Advantages of high THC strains for the treatment of pain
THC is used clinically for pain treatment and studies have shown that it helps relieve central and neuropathic pain. It is also used to help reduce pain in patients with cancer, AIDS and fibromyalgia , in which resistance to other pain treatments has been observed.
Le mode of action THC is a partial agonist of the CB1 receptors, meaning that it will bind to these receptors, but not completely, resulting in variability in the effects documented when THC is present with other agonists, antagonists, or both. It was found to impact the serotonergic, dopaminergic, and glutamatergic systems - an action that may contribute to its pain-relieving benefits. Additionally, THC has been shown to act as as an anti-inflammatory agent .
Un survey conducted Chronic non-cancer pain patients in Canada found that 35% of respondents reported using cannabis to relieve pain.

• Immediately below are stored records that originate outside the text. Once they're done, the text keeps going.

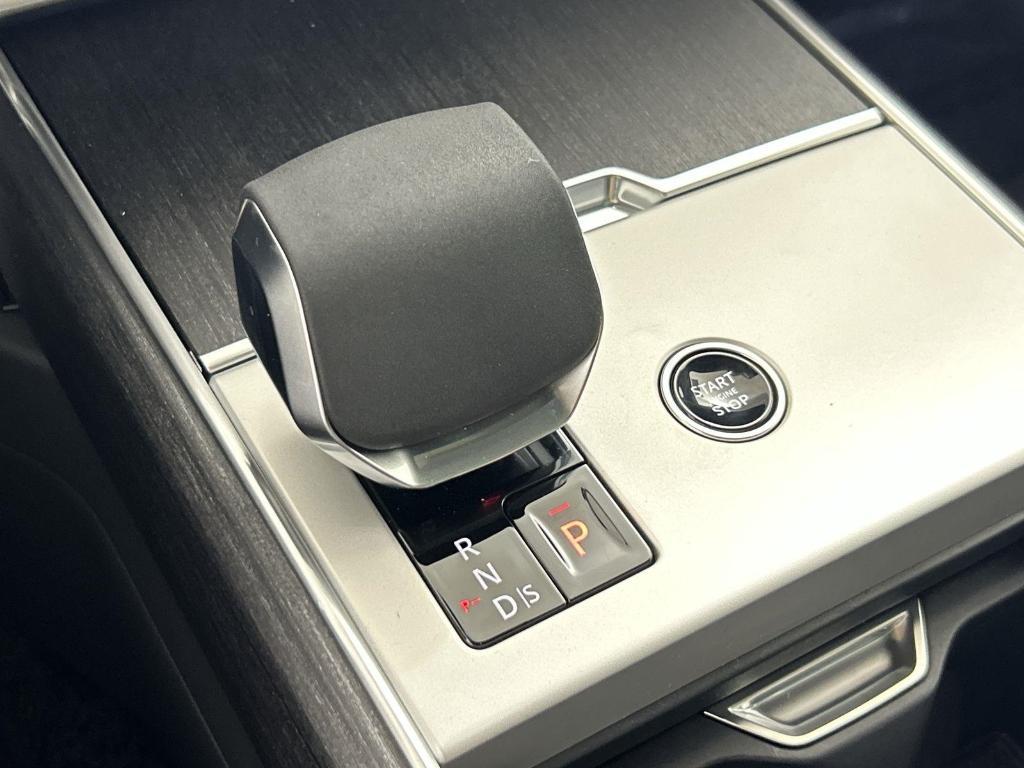 new 2025 Land Rover Range Rover car, priced at $128,535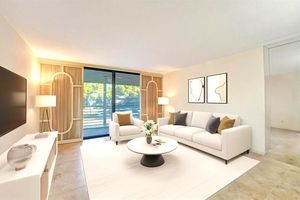 900 COLONY POINT CIR APT 221, PEMBROKE PINES, FL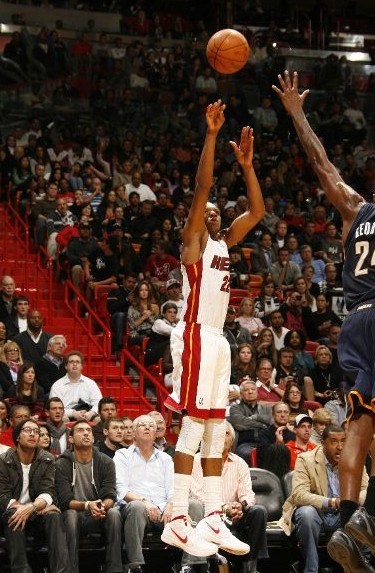 一要守住中 一要守住中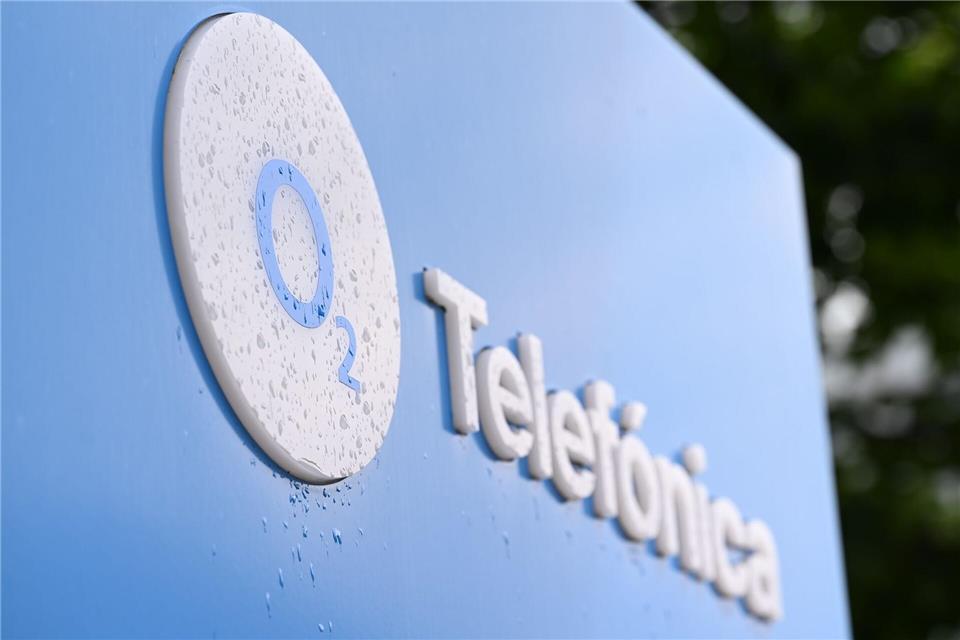 Das Logo von O2 an seinem Düsseldorfer Standort. Wolf von Dewitz/dpa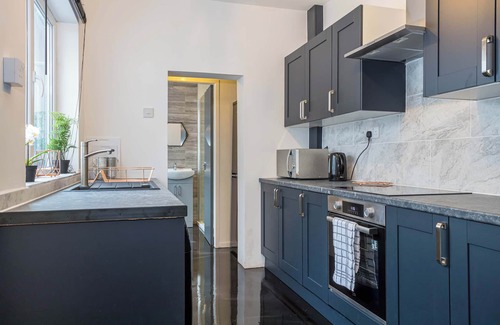 St Helens Casa | Modern & Stylish 2 Bedroom House in St Helens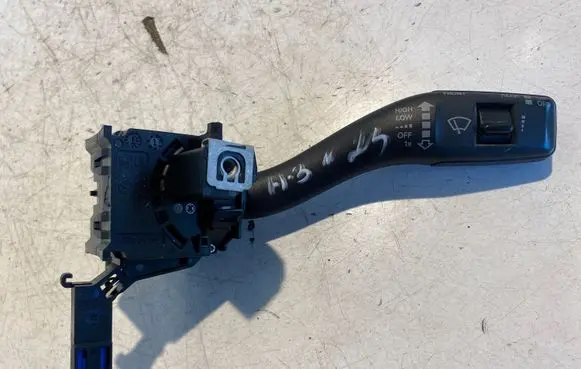 Audi A3 S3 8P Wiper control stalk 8P0953519D 10004011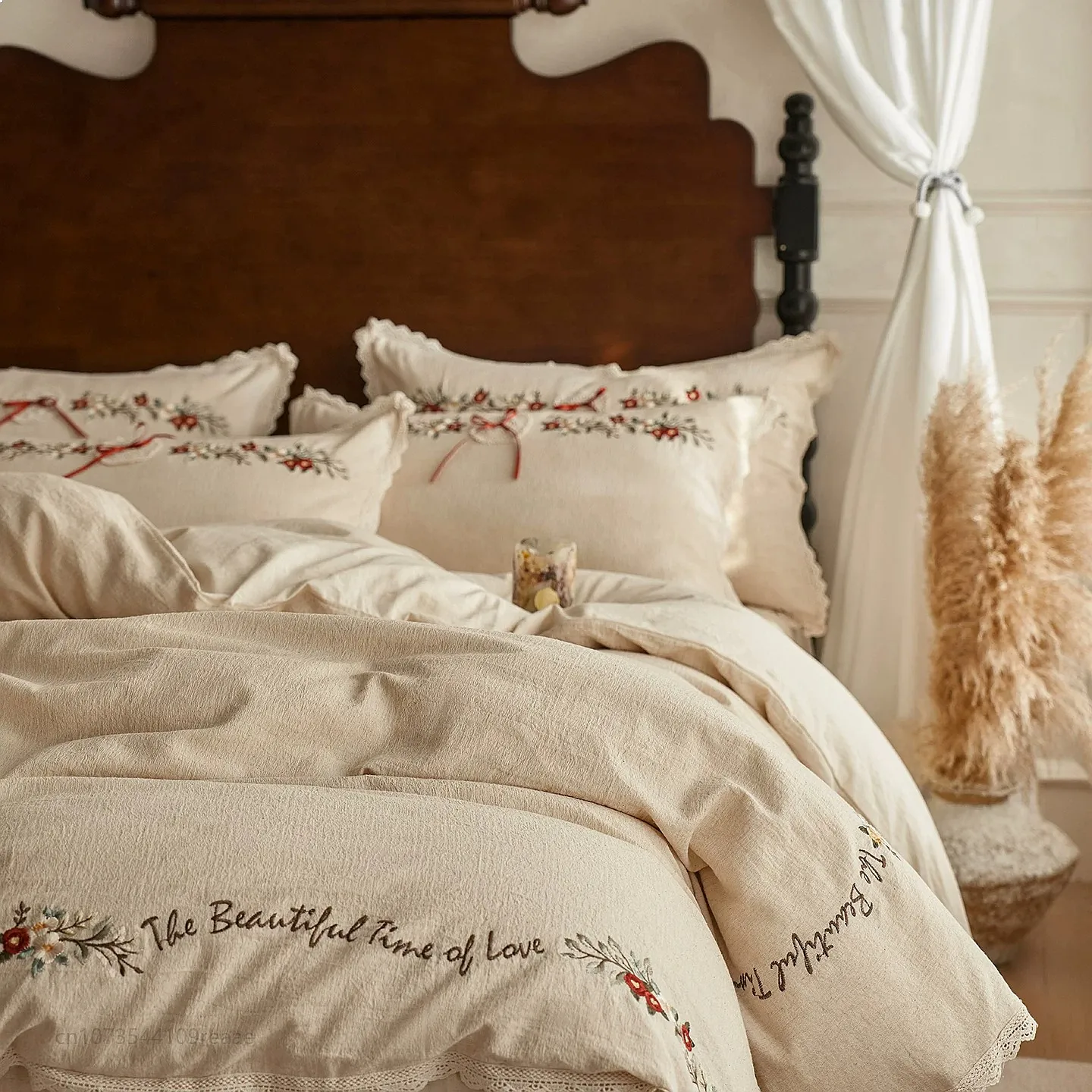 Light Luxury French Vintage Cotton Linen Blend 4Pcs Set Embroidered Lace Bedding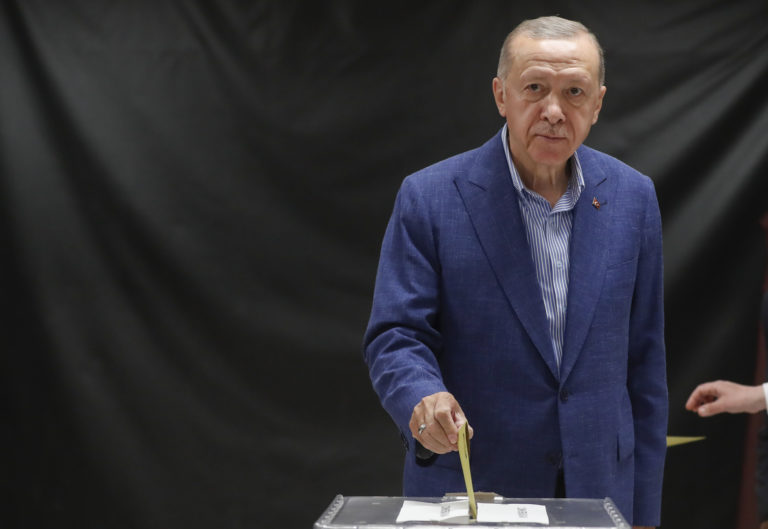 Erdogan obhájil mandát. Staronový prezident hovorí o bráne k storočiu Turecka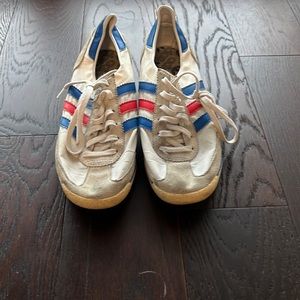 Adidas Vintage Sneakers Size 6.5 Mens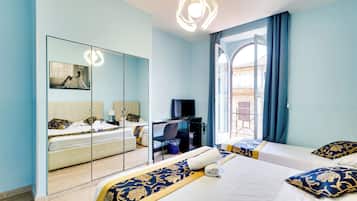 Premium bedding, pillowtop beds, minibar, in-room safe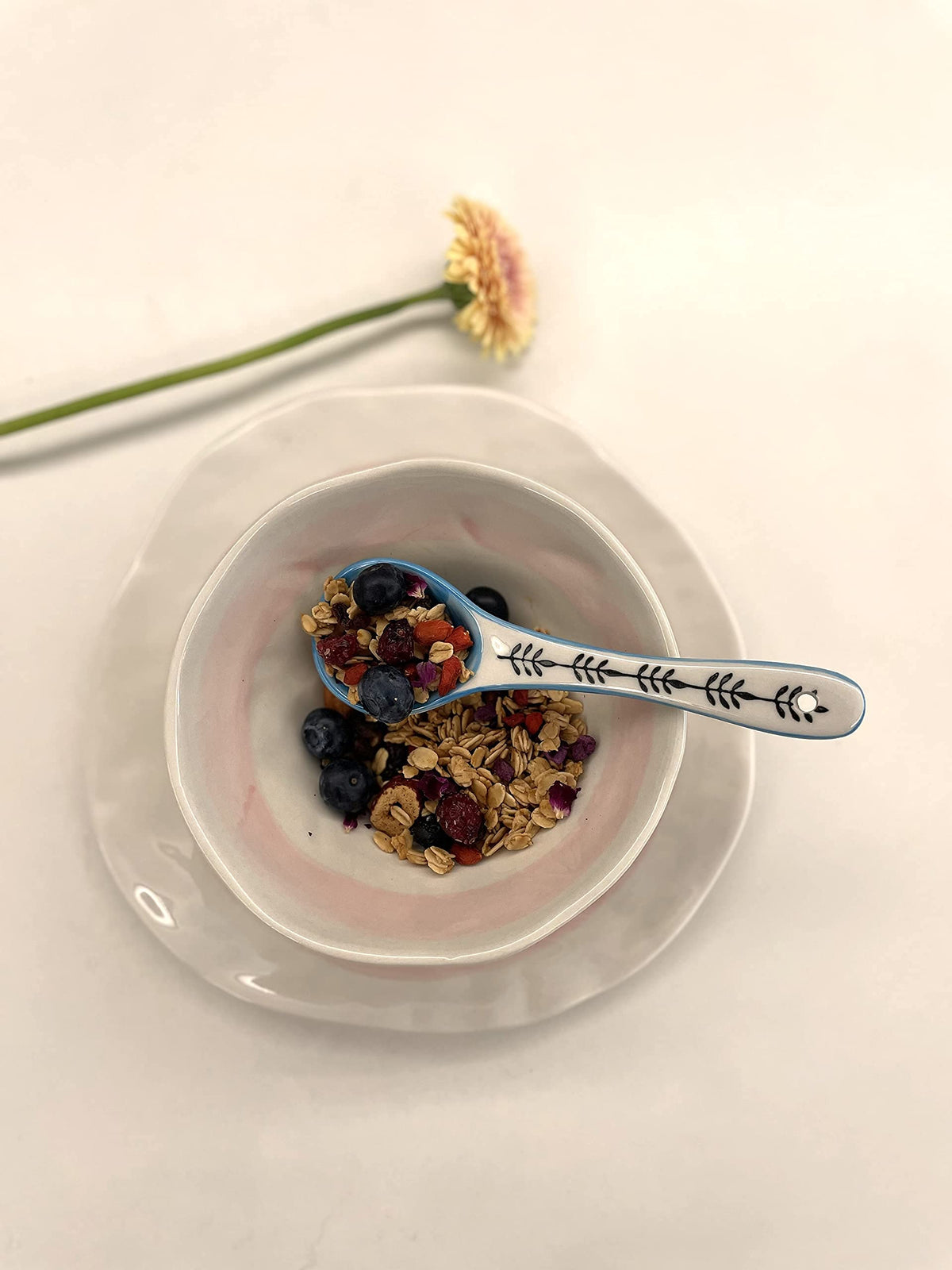 Ceramic Soup Spoons Set of 6–Mutilpurpose for Soup/Cereal/Ramen/Stews | Vibrant Design, Lead-Free & Dishwasher Safe | 6.25" Cute Decorative Spoons for Kitchen & Gifts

Another study a revealed that of the nearly 3 patients who used cannabis for medical purposes, 000% indicated that they were able to reduce their use of opioids when they also used medical marijuana, most of them 'between them indicating that the relief they received was comparable to that of other pain medications. .
Studies and anecdotal reports have shown cannabis to be good for pain. Whether you like to smoke weed or not, there are many products you can use if you live in a state where the herb is legal.
Some products can help you if you want something other than the flower:
- Lotions or creams
- Dyes (dropper bottles with infused oils)
- Capsules or pills
- Edibles (chocolates, sweets, teas or other infused foods)
When considering these products, it is important to choose the one that is a Complete Plant Extract (Full Spectrum). This allows you to access the full potential of the wide array of healthy, anti-inflammatory compounds found in the plant.